What you have to do:
Below are records; how many of their lines hold the string "Toyota"? Reply with nothing but the number.

Listed entries:
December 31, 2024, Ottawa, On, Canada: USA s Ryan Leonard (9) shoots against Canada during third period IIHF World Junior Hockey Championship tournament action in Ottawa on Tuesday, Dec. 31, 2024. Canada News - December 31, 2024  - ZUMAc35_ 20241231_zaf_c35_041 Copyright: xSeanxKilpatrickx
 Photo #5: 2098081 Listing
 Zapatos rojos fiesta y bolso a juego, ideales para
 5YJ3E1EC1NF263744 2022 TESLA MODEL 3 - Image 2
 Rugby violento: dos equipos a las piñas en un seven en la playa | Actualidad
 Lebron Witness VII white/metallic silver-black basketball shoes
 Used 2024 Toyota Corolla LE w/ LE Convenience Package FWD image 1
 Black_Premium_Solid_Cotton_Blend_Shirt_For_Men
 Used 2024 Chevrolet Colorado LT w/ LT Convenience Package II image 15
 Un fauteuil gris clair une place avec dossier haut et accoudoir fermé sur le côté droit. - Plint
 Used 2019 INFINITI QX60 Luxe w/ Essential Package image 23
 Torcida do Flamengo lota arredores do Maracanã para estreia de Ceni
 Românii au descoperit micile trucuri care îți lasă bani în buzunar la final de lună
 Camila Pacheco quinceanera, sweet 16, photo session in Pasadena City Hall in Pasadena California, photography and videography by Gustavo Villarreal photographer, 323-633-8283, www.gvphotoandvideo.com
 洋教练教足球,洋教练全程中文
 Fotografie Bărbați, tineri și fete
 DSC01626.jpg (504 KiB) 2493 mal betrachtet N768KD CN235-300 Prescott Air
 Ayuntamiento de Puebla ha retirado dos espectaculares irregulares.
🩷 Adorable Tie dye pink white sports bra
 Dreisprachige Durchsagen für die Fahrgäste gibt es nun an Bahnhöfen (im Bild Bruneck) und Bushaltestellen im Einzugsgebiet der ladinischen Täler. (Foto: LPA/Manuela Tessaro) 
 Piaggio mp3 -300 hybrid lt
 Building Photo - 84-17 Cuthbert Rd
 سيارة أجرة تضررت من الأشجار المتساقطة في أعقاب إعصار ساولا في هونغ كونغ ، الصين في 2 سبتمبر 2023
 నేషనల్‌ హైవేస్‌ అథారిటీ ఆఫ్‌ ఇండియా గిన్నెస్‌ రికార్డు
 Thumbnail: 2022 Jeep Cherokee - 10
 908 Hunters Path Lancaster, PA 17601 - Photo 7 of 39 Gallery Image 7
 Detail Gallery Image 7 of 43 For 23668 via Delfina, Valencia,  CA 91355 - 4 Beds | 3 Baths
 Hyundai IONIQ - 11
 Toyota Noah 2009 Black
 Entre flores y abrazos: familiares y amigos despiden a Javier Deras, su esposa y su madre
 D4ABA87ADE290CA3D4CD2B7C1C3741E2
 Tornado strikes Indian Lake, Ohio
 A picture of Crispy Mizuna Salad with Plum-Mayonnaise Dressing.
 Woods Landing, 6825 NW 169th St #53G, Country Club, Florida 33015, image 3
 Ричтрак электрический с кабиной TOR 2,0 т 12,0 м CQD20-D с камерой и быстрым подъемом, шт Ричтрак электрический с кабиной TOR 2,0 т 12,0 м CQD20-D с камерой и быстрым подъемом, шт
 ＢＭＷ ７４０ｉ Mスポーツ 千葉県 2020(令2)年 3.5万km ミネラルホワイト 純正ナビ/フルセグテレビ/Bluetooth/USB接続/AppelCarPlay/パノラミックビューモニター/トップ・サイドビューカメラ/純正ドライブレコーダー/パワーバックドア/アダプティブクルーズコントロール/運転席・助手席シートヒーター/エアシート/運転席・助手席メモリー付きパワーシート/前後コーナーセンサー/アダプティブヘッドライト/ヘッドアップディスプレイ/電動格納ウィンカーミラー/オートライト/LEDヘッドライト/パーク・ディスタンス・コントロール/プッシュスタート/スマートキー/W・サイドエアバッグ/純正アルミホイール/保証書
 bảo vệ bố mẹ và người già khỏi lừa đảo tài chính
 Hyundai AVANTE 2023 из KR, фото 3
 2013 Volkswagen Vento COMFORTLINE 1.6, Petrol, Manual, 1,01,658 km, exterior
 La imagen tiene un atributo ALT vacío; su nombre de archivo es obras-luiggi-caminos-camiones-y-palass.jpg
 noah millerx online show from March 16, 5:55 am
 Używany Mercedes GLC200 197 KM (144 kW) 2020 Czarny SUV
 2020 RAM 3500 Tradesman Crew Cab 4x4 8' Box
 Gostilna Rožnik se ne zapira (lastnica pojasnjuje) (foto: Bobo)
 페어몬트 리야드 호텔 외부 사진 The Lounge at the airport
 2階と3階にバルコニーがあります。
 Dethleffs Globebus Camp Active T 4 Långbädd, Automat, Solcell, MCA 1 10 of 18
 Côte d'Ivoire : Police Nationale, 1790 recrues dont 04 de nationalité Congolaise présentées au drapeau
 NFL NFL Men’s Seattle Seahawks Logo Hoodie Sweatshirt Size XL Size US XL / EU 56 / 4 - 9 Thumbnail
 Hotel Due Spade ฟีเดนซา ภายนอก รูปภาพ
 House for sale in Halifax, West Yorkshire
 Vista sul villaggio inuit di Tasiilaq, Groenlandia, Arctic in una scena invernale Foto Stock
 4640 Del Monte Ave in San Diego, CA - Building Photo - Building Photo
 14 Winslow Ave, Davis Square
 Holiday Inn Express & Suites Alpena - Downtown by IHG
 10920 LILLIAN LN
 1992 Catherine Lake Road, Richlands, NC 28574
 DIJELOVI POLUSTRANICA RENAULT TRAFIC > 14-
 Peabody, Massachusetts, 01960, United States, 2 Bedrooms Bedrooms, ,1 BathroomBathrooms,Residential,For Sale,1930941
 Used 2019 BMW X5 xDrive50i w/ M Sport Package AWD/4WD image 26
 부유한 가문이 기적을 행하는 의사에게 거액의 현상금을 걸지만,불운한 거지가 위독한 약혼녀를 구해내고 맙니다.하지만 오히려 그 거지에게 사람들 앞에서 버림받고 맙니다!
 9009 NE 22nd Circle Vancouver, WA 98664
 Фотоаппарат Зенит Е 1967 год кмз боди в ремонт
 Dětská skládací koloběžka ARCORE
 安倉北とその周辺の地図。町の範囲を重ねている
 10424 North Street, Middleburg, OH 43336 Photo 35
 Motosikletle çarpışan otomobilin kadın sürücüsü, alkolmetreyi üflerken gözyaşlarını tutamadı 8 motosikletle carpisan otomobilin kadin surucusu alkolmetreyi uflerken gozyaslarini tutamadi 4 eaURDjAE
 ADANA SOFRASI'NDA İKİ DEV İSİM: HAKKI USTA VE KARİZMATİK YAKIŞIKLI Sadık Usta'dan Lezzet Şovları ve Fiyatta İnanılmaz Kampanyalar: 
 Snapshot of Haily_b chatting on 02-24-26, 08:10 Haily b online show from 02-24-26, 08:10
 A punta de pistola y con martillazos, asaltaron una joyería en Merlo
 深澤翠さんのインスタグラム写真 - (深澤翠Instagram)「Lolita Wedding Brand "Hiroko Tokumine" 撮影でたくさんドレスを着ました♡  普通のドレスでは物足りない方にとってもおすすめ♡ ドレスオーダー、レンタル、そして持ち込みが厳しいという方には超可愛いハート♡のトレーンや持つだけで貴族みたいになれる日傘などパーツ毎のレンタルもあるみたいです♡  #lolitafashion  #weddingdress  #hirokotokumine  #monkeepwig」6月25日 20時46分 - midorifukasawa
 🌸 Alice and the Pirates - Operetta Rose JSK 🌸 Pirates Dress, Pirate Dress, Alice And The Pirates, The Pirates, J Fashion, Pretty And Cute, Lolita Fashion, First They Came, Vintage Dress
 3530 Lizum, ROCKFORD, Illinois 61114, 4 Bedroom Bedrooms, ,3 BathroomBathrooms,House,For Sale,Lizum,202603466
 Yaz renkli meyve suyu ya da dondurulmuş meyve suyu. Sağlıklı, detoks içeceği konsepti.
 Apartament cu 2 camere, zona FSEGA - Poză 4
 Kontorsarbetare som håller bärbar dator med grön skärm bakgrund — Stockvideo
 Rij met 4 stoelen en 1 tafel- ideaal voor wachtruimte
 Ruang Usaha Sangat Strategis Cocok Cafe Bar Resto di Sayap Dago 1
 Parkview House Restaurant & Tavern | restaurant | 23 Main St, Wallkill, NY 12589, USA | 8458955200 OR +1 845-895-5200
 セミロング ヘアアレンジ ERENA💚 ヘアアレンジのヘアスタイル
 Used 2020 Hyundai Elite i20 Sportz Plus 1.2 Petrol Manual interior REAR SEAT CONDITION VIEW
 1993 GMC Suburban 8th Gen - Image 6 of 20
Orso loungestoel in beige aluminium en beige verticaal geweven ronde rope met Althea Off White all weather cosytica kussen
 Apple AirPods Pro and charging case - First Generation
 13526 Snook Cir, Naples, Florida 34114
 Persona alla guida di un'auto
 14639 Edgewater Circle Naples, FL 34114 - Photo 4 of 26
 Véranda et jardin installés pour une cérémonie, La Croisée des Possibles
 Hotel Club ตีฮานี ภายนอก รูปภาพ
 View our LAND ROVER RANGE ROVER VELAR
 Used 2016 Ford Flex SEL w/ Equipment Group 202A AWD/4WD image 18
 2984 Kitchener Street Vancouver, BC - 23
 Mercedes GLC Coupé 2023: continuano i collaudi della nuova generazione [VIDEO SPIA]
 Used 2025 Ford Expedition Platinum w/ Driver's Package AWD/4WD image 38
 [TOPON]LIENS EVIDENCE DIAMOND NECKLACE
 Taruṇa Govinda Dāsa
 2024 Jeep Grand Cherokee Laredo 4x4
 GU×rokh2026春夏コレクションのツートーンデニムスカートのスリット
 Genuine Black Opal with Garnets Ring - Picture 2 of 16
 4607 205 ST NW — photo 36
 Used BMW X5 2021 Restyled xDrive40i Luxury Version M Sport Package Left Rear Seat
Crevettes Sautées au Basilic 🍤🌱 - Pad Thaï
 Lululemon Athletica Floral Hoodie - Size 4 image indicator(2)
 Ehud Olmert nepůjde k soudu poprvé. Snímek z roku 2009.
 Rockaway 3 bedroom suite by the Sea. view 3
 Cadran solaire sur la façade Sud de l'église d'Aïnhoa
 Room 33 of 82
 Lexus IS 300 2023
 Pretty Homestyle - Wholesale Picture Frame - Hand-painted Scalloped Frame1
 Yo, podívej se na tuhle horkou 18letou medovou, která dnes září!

Result of this task:
2